支援連ニュース No.260

まずは、無期攻撃を粉砕しました

2004/05/21 浴田由紀子

 お元気ですか。
 5月11日、控訴審は「(双方の)控訴棄却・被告人を懲役20年に処する。」という判決をもって終了しました。未決算入は2670日です。
 検察官のあの大上段の「被告人は、強固な信念の、斎藤和にまさるともおとらない過激な活動家云々」という、控訴趣意書は完璧なまでに粉砕されました。一方、弁護側主張に対しては、「事実誤認・量刑……これらについてはさわりませんよ、だけど、まあ、諸々の事情について、いっていの理解をしないわけではありませんが……」というところでしょうか、情状で殺意の不在・人的被害回避の努力、被告の従属性、等については、第一審よりもかなり踏み込んで、明確に弁護主張にそう認定を行ったように聞きとれました。75年供述、統一公判認定をくつがえせなかったことは何ともくやしいし、超法規とか、取り調べ中のセクハラ処遇や心身の虐待、違法・強制連行による身柄確保等々、権力が問われるべき数々の問題についても、なかったことのように、あるいは「まあ、その位のことはあります。よくあることでとりたてて云々するほどでもないでしょう」的扱いは何とも理不尽で認めがたいものですが、まずは、無期攻撃を粉砕しました。
 弁護団・支援の仲間たちの大奮闘・努力はむくわれたというべきでしょう。控訴審はしんどい闘いでしたが、まずは、ヤッタゼ!! ありがとう!

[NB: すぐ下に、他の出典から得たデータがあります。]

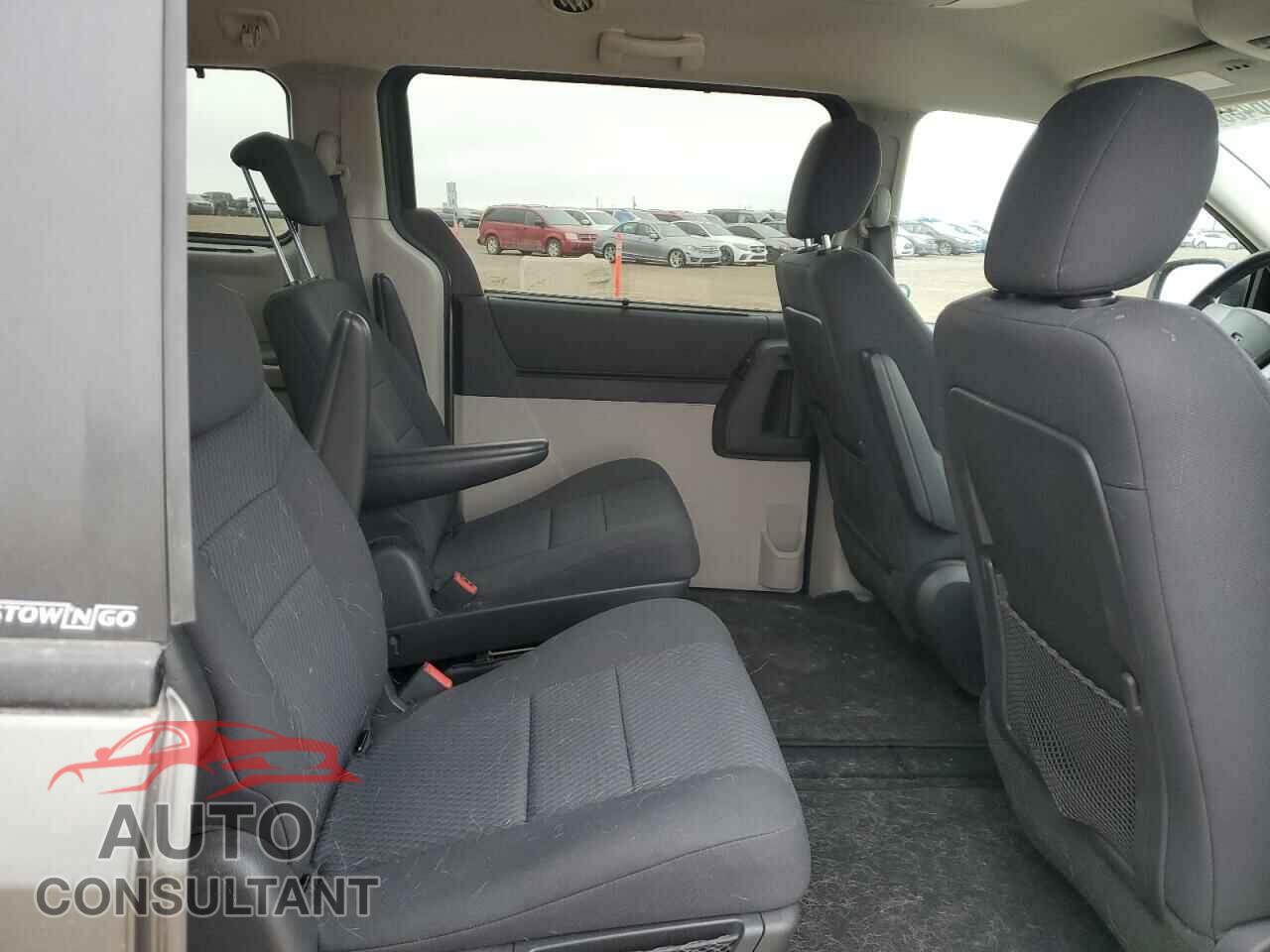 DODGE CARAVAN 2010 - 2D4RN4DX2AR197755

 さあ、控訴審判決は出た。シャバデイトの約束を誰からどうとりつけようかと思案していた12日夕刻、荒井幹夫さん、大道寺幸子さん御逝去の報告を受けとりました。お二人とも気丈に回復されていると思っていたので、びっくりしました。とても残念です。お二人のご冥福をお祈りしています。
 面会に来てくれた友人が「30年間待ち続けて、がんばってがんばって、待ちくたびれて、あんたの裁判もメドが立って、和君の本もようやく出来て、安心したんだよ。安心してホッとして生命の力がつきたんだよ。最後に安心させたから良かったじゃないか。」と言ってくれました。本当に30年間、獄中の私たち以上に困難な状況から(私たちは確信犯ですから、突然の弾圧はそれ自体が人生を奪うものではありません)獄中の息子、娘たちをまっ正面から愛し、信頼しぬき、私たち以上に原則的に力強く、闘いぬくことで、私たちを支え、守り、共闘しつづけて下さいました。逮捕直後の自供総括は、獄中被告団にとっても、家族たちにとってもとても苦しい時代でした。その中で幹夫さんを始めとする家族会はあくまで被告団の団結と統一のために力をつくして闘いぬかれた姿、そして死刑攻撃を正面にすえて、息子たちへの愛情と信頼を、率直に勇敢に取り組んで下さった幸子さんたちの勇気は、私たちが多くの仲間たちに出会い人々と共に生き闘いぬく機会を切り開くものだったと思います。それはまさに私たち東アの狭さや弱点を補うものだったと思います。私たちは、幹夫さん、幸子さんに大切な同志を育ててもらい、そして何度も何度も「人間」にしてもらいました。お二人と共にいたことを、いっぱいの感謝と共になによりも誇りに思います。こーんなに待たせたのに、まだ「勝てていなくて」もうしわけないけど、お二人に切り開いてもらった世界と、出会わせてもらった大勢の仲間たちと共に、私たちは心と力を合わせて、初志の実現のために、歩を進めます。いつかきっと、うれしい報告ができるはずです。淋しくなってしまったけど、お二人にもらったいっぱいの宝を大切に、大切に、元気にがんばろう。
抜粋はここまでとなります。